Available data START

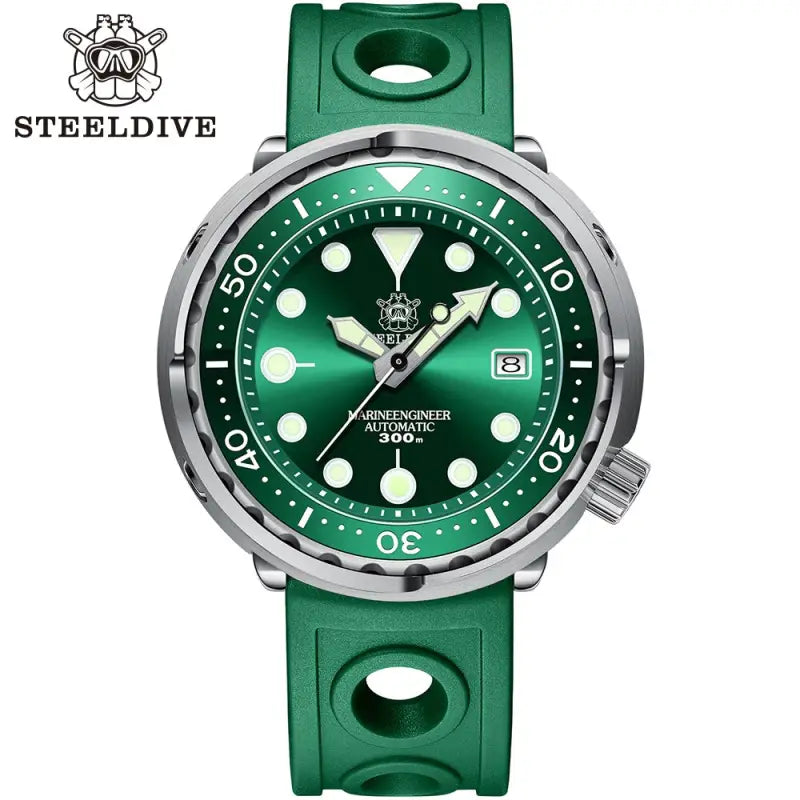 KPR Black Drum Sapphire Glass Dive Watch - 75GR Green-logo / China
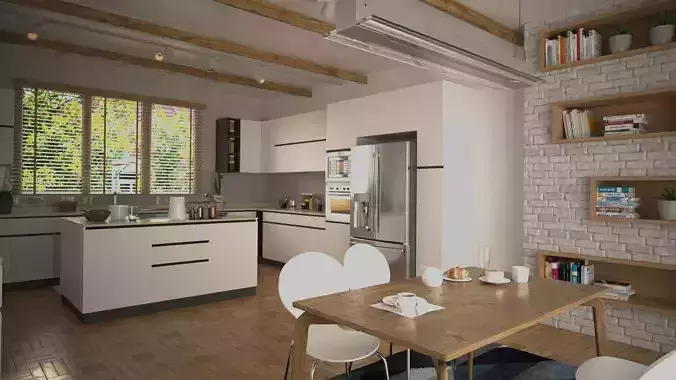 Kitchen and living room interior 3D scene Low-poly 3D model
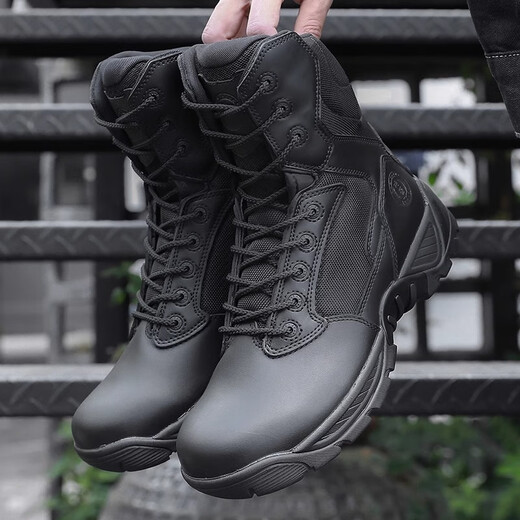 DRUNROCKS tactical boots outdoor anti-slip anti-wear-resistant Jun Locke tactical boots comfortable breathable side zipper quick take off D14099 black 42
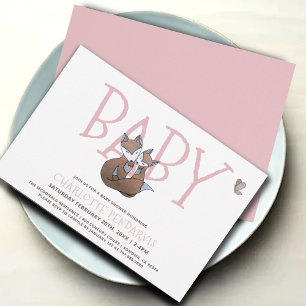 Invitation Aquarelle Baby shower Bois Renards Rose Girl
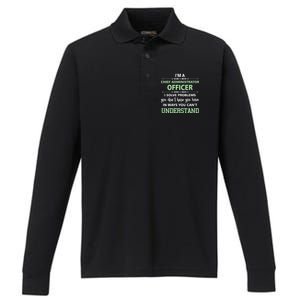 Chief Administrator Officer  Performance Long Sleeve Polo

Available data END

◆ **Task statement**:
Transcribe exactly the lines from the one with "Invitation Aquarelle Baby" to the last line of the records, both included, so that no picture appears in the copy.

◆ **Completed exercise**:
 Invitation Aquarelle Baby shower Bois Renards Rose Girl
 Chief Administrator Officer  Performance Long Sleeve Polo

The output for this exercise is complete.